As part of this trend, feral children, who blur the line between animal and human, have made their way back into the fields of American fiction. Wild boys and girls have run through American literature since Huckleberry Finn fled the “sivilized” world, but now they are popping up in a variety of settings. In this age of overscheduled and sheltered children, these stories take the ongoing debate over nature vs. nurture to extremes. Instead of needing constant Internet connectivity, these feral children live way off the grid. Here are some recent highlights within wild-child fiction:

The Last Illusion

CONTEMPORARY: In Porochista Khakpour’s 2014 novel The Last Illusion, a 10-year-old Iranian boy named Zal is rescued from the birdcage in which his widowed mother kept him. He can only “chirp, tweet, coo, shriek” like the other birds around him. After moving to Manhattan with his adoptive father, a child psychologist fascinated by feral children, Zal learns to communicate and express emotion while secretly coping with his bird-like instincts. For instance, he furtively snacks on chocolate-covered grasshoppers. Zal sympathetically merges animal and man, as Khakpour combines a distinctive coming-of-age story with a harrowing 9/11 novel.

TC Boyle

HISTORICAL: In the title story of T.C Boyle’s 2010 collection Wild Child, a barely clothed boy who cannot speak is discovered near a French forest and captured. Based on an actual historical episode from 1800 (as well as Francois Truffaut’s film of the same name), Boyle’s version describes the morbid fascination of the townspeople with this creature who “used only his bare hands and broken nails to dig in the sodden earth, like a dog.” The boy is taken up by a young doctor who names him Victor and tries to educate and civilize him. For Dr. Jean-Marc Itard, this child was a blank canvas to test Rousseau and Locke’s ideas about society’s effects on the individual. Boyle conveys Victor’s struggles with Itard and his regimen. Itard stops working with Victor and eventually stops visiting too, and we see how Victor has been abandoned a second time.

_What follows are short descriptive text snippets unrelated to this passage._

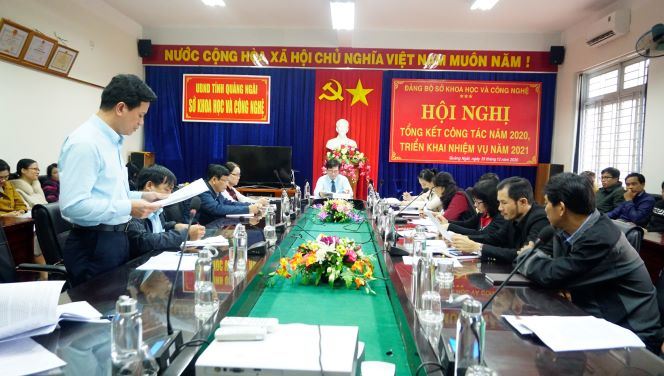 Đ/c Trần Công Hòa, UVBCH Đảng ủy, Phó Giám đốc KH&CN báo cáo kết quả công tác Đảng bộ năm 2020 và phương hướng, nhiệm vụ trọng tâm năm 2021 tại Hội nghị.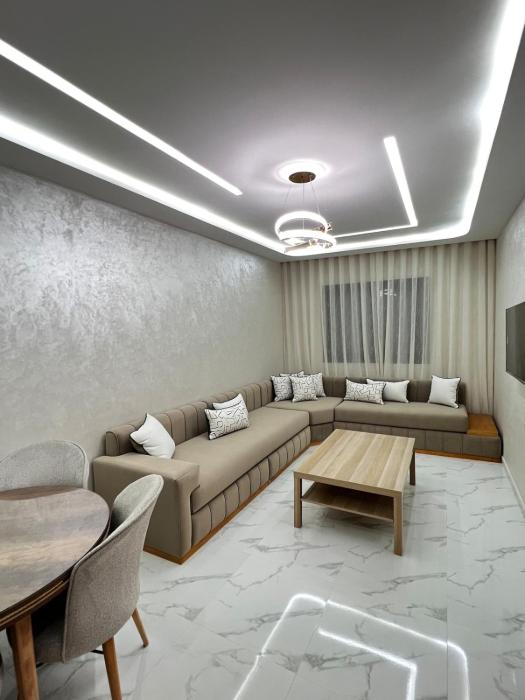 LExclusif - Artists Interior and Pool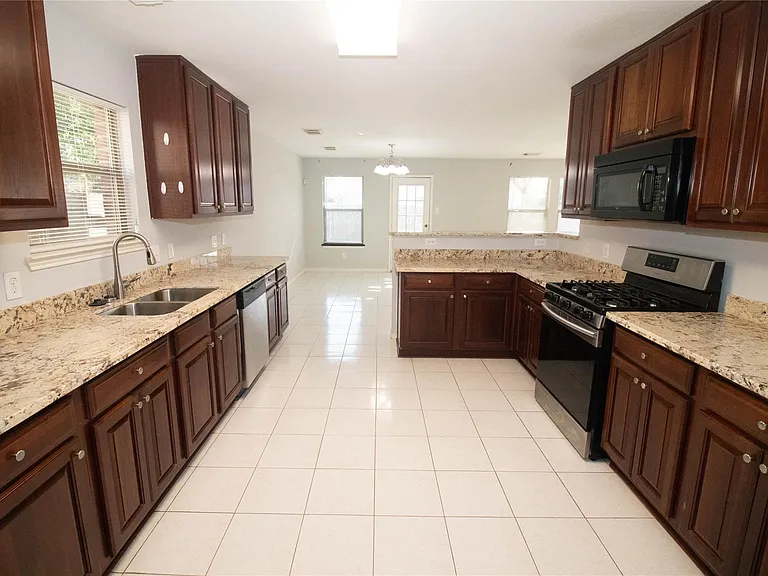 2202 Crossmill Ln — Photo 22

Lucy's home for girls raised by wolves

ABSURDIST: With “St. Lucy’s School for Girls Raised by Wolves,” the title story of Karen Russell’s 2006 collection, the isolated-child model gets flipped on its head with its focus on the feral child’s viewpoint instead of on the outside observer’s judgmental perspective. Narrated by Claudette (wolf name: “TRRR”), the story follows a group of girls who have been taken from the warm dens of their werewolf parents and transplanted into a corrective school that seeks to teach human behavior. From learning to wear squared-toed shoes to dancing awkwardly with their young-male counterparts, Russell uses both humor and pathos to show the unpleasant surprises of civilization.

fourth of july creek

SEMI-FERAL: Over the decades, the connotation of “feral” has changed from the romanticized innocence of Mowgli and Tarzan in the noble jungle to a darker perception of a lack of affection and nurturing. In Smith Henderson’s Fourth of July Creek (2014), a case of childhood neglect and lack of socialization is central to the plot. Benjamin Pearl, the 11-year-old victim, was not raised by wolves but by a conspiracy-theorist father in the Montana backwoods. He is found by the book’s protagonist, a social services worker, to be suffering from disease, abuse, and isolation. Henderson’s unflinching and morally complicated story is about the wildness present not only in feral children but also in so-called civilized adults.